The copy should hold exactly the lines below from the one that contains "Rövid ujjú, rózsaszín póló hátulnézete." through the one that contains "Surprise Trip Boarding" and nothing else, so no pictures.

# Data records
━━━━━━━━━━━━━━━━━━━━━━━━━━━━━━
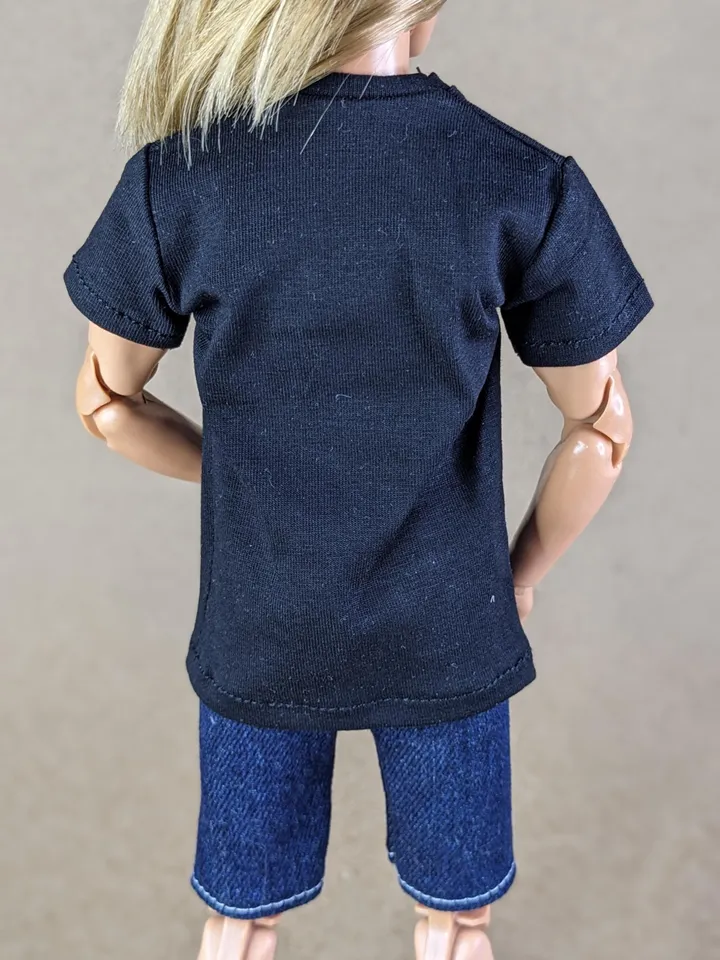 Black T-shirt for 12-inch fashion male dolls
━━━━━━━━━━━━━━━━━━━━━━━━━━━━━━
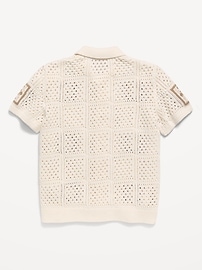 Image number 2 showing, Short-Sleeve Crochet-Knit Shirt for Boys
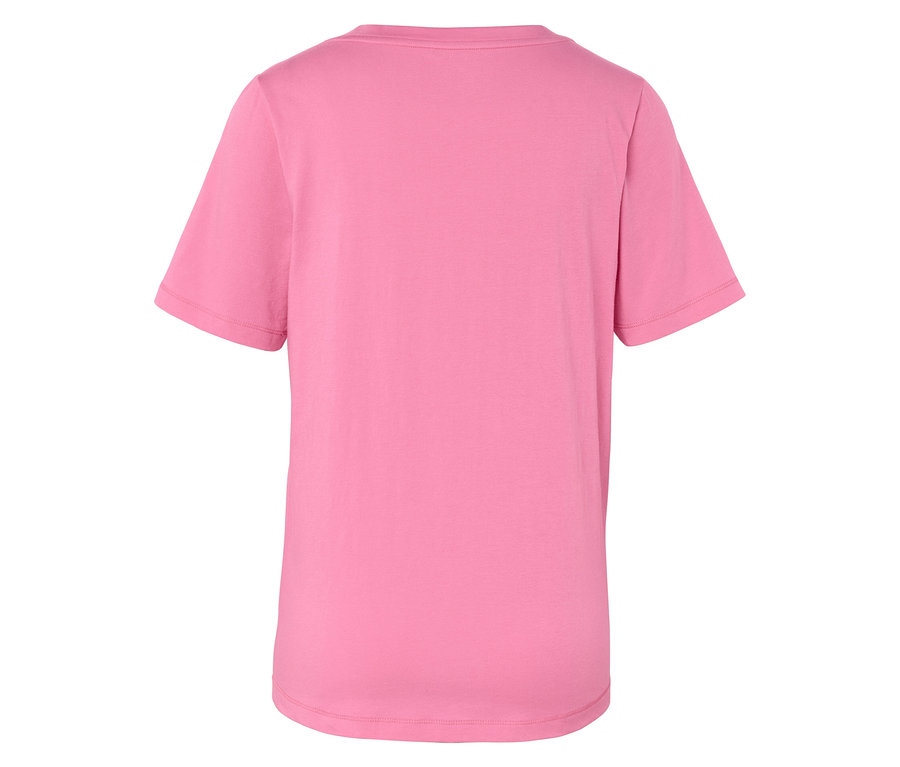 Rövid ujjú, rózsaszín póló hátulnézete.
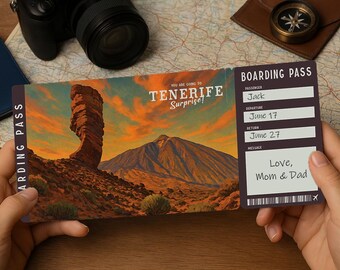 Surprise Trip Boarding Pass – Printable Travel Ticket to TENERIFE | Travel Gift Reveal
━━━━━━━━━━━━━━━━━━━━━━━━━━━━━━
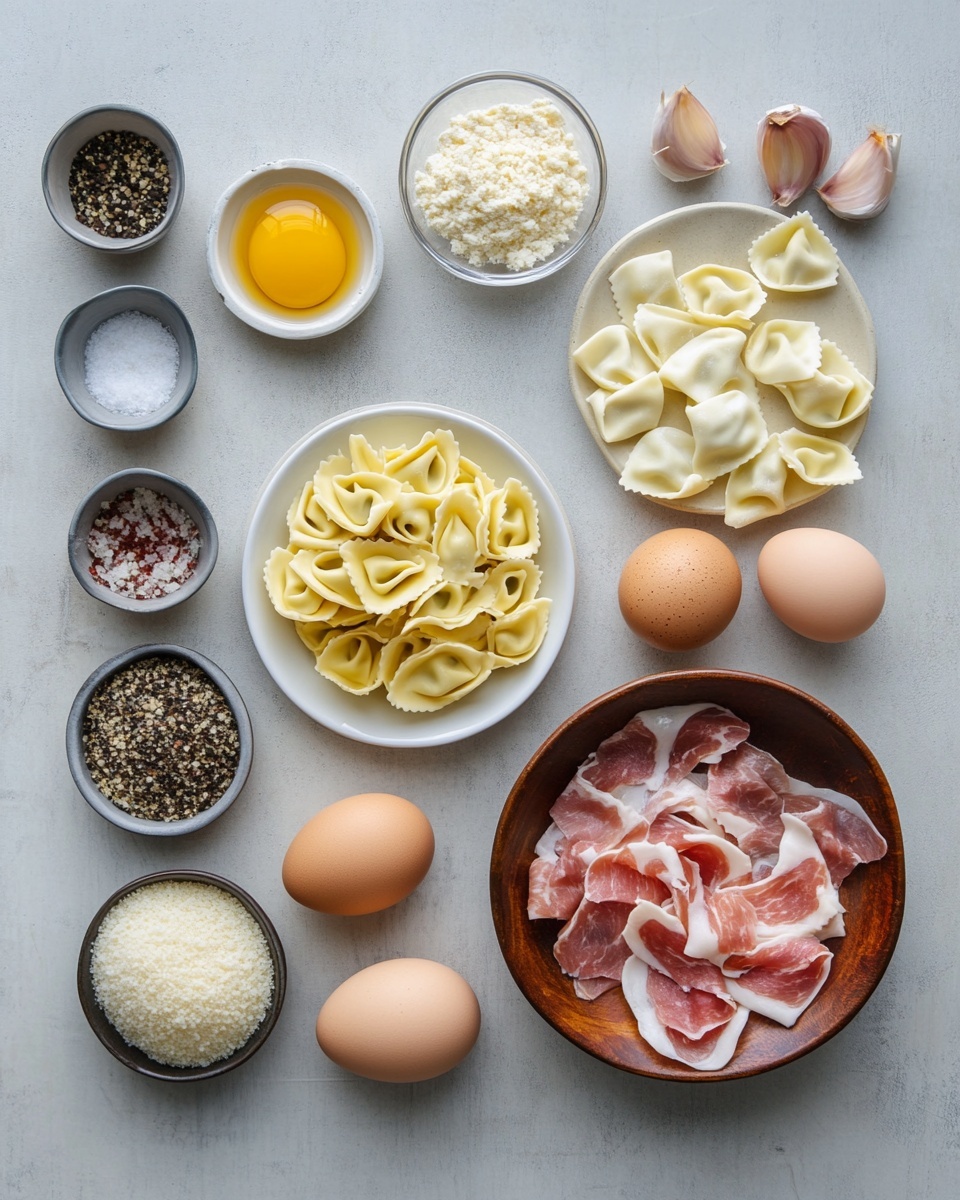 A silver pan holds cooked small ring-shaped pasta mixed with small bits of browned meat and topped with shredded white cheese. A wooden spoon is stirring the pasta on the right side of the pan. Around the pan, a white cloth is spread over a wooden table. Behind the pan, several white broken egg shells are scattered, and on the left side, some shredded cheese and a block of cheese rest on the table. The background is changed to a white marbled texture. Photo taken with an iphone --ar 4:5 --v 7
━━━━━━━━━━━━━━━━━━━━━━━━━━━━━━
# Answer for this exercise
 Rövid ujjú, rózsaszín póló hátulnézete.
 Surprise Trip Boarding Pass – Printable Travel Ticket to TENERIFE | Travel Gift Reveal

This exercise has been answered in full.